I found many log like:
{code:java}
W1030 17:29:53.382287  7588 rpcz_store.cc:259] Trace:
1030 17:26:19.714799 (+     0us) service_pool.cc:162] Inserting onto call queue
1030 17:26:19.714808 (+     9us) service_pool.cc:221] Handling call
1030 17:29:53.382204 (+213667396us) ts_tablet_manager.cc:874] Deleting tablet c52c5f43f7884d08b07fd0005e878fed
1030 17:29:53.382205 (+     1us) ts_tablet_manager.cc:794] Acquired tablet manager lock
1030 17:29:53.382208 (+     3us) inbound_call.cc:162] Queueing success response
Metrics: {"tablet-delete.queue_time_us":213667360}
W1030 17:29:53.382300  7586 rpcz_store.cc:253] Call kudu.tserver.TabletServerAdminService.DeleteTablet from 10.152.49.21:55576 (request call id 1820316) took 213667 ms (3.56 min). Client timeout 29999 ms (30 s)

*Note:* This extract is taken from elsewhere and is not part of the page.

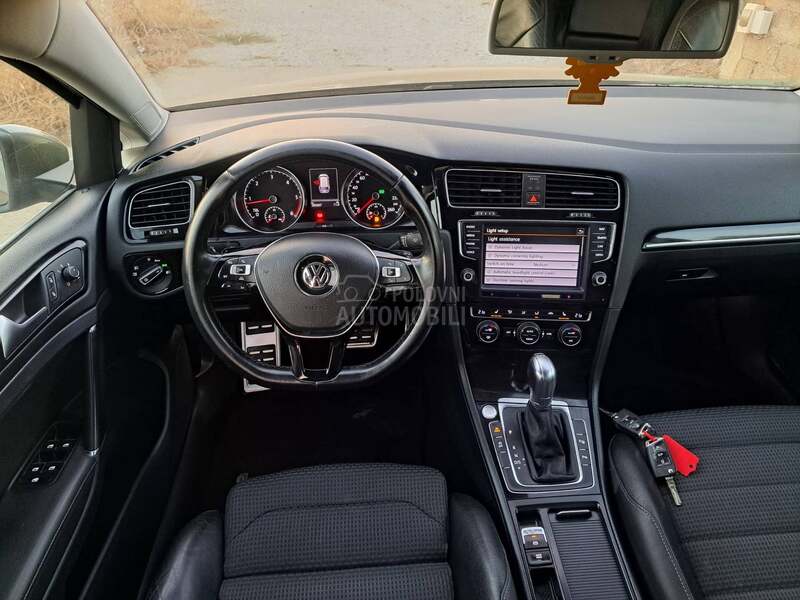 Volkswagen Golf 7 2.0tdi AUT0MAT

W1030 17:29:53.382292 10623 rpcz_store.cc:253] Call kudu.tserver.TabletServerAdminService.DeleteTablet from 10.152.49.21:55576 (request call id 1820315) took 213667 ms (3.56 min). Client timeout 29999 ms (30 s)

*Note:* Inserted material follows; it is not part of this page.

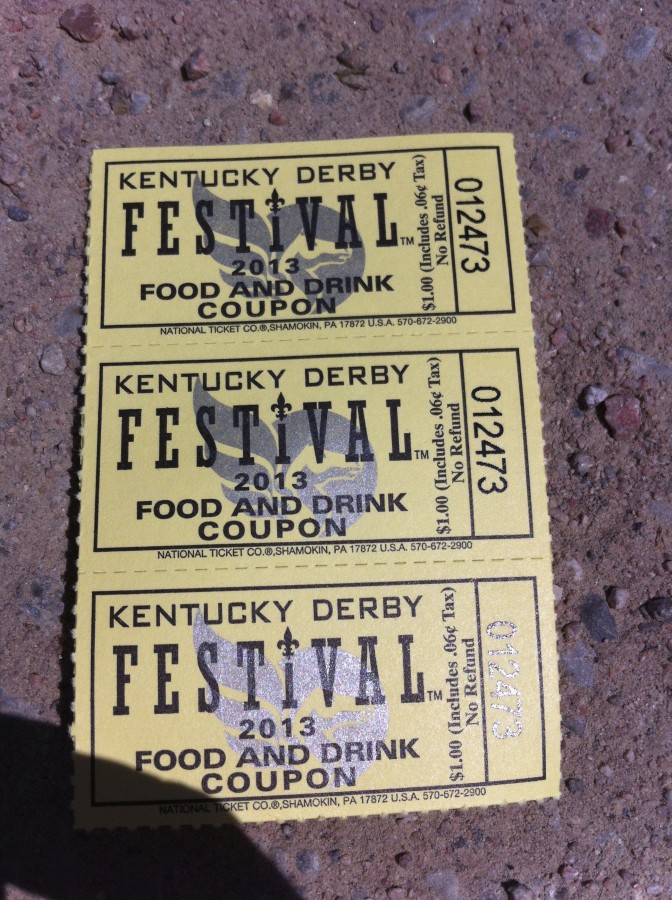 Kentucky Derby Festival Brings Spirit To Louisville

W1030 17:29:53.382297 10622 rpcz_store.cc:259] Trace:
1030 17:26:19.714825 (+     0us) service_pool.cc:162] Inserting onto call queue
1030 17:26:19.714833 (+     8us) service_pool.cc:221] Handling call
1030 17:29:53.382239 (+213667406us) ts_tablet_manager.cc:874] Deleting tablet 479f8c592f16408c830637a0129359e1
1030 17:29:53.382241 (+     2us) ts_tablet_manager.cc:794] Acquired tablet manager lock
1030 17:29:53.382244 (+     3us) inbound_call.cc:162] Queueing success response
Metrics: {"tablet-delete.queue_time_us":213667378}
...{code}
That means 'Acquired tablet manager lock' cost much time, right?
{code:java}
Status TSTabletManager::BeginReplicaStateTransition(
    const string& tablet_id,
    const string& reason,
    scoped_refptr<TabletReplica>* replica,
    scoped_refptr<TransitionInProgressDeleter>* deleter,
    TabletServerErrorPB::Code* error_code) {
  // Acquire the lock in exclusive mode as we'll add a entry to the
  // transition_in_progress_ map.
  std::lock_guard<RWMutex> lock(lock_);
  TRACE("Acquired tablet manager lock");
  RETURN_NOT_OK(CheckRunningUnlocked(error_code));
  ...
}{code}
But I think the root case is Kudu master send too many duplicate 'alter table/delete tablet' request to tserver. I found more info in master's log:
{code:java}
$ grep "Scheduling retry of 8f8b354490684bf3a54e49a1478ec99d" kudu_master.zjy-hadoop-prc-ct01.bj.work.log.INFO.20191030-204137.62788 | egrep "attempt = 1\)"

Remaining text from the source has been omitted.